# [Brief]
This exercise calls for an exact transcription. Set down every record below.

----- Record set

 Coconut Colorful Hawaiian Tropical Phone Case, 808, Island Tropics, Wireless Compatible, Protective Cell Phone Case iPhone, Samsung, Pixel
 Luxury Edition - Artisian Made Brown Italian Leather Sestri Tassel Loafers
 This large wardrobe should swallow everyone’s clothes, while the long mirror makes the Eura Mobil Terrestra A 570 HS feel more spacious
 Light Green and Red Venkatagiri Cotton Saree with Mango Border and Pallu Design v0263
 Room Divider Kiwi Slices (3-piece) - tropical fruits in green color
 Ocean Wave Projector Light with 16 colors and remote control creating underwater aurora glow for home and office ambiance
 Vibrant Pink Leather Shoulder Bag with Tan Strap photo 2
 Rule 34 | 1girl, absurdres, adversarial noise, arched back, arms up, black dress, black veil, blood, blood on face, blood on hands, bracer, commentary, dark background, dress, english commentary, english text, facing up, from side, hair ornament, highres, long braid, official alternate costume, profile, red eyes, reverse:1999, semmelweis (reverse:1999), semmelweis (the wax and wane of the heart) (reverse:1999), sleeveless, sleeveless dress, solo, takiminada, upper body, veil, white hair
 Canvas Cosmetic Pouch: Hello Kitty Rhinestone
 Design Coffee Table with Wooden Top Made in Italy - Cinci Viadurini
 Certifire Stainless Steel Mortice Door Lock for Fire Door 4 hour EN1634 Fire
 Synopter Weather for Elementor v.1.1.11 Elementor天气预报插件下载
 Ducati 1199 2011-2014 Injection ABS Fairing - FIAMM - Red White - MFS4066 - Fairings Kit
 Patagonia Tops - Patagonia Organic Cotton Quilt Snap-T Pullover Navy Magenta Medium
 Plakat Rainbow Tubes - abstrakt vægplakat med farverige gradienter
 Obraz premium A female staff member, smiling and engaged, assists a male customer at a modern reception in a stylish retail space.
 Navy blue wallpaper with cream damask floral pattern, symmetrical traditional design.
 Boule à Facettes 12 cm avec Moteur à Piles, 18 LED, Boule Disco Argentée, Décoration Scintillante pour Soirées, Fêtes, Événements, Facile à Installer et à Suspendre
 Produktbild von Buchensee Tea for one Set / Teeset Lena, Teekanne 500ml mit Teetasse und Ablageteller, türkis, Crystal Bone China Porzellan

----------

# [Response to the task]
 Coconut Colorful Hawaiian Tropical Phone Case, 808, Island Tropics, Wireless Compatible, Protective Cell Phone Case iPhone, Samsung, Pixel
 Luxury Edition - Artisian Made Brown Italian Leather Sestri Tassel Loafers
 This large wardrobe should swallow everyone’s clothes, while the long mirror makes the Eura Mobil Terrestra A 570 HS feel more spacious
 Light Green and Red Venkatagiri Cotton Saree with Mango Border and Pallu Design v0263
 Room Divider Kiwi Slices (3-piece) - tropical fruits in green color
 Ocean Wave Projector Light with 16 colors and remote control creating underwater aurora glow for home and office ambiance
 Vibrant Pink Leather Shoulder Bag with Tan Strap photo 2
 Rule 34 | 1girl, absurdres, adversarial noise, arched back, arms up, black dress, black veil, blood, blood on face, blood on hands, bracer, commentary, dark background, dress, english commentary, english text, facing up, from side, hair ornament, highres, long braid, official alternate costume, profile, red eyes, reverse:1999, semmelweis (reverse:1999), semmelweis (the wax and wane of the heart) (reverse:1999), sleeveless, sleeveless dress, solo, takiminada, upper body, veil, white hair
 Canvas Cosmetic Pouch: Hello Kitty Rhinestone
 Design Coffee Table with Wooden Top Made in Italy - Cinci Viadurini
 Certifire Stainless Steel Mortice Door Lock for Fire Door 4 hour EN1634 Fire
 Synopter Weather for Elementor v.1.1.11 Elementor天气预报插件下载
 Ducati 1199 2011-2014 Injection ABS Fairing - FIAMM - Red White - MFS4066 - Fairings Kit
 Patagonia Tops - Patagonia Organic Cotton Quilt Snap-T Pullover Navy Magenta Medium
 Plakat Rainbow Tubes - abstrakt vægplakat med farverige gradienter
 Obraz premium A female staff member, smiling and engaged, assists a male customer at a modern reception in a stylish retail space.
 Navy blue wallpaper with cream damask floral pattern, symmetrical traditional design.
 Boule à Facettes 12 cm avec Moteur à Piles, 18 LED, Boule Disco Argentée, Décoration Scintillante pour Soirées, Fêtes, Événements, Facile à Installer et à Suspendre
 Produktbild von Buchensee Tea for one Set / Teeset Lena, Teekanne 500ml mit Teetasse und Ablageteller, türkis, Crystal Bone China Porzellan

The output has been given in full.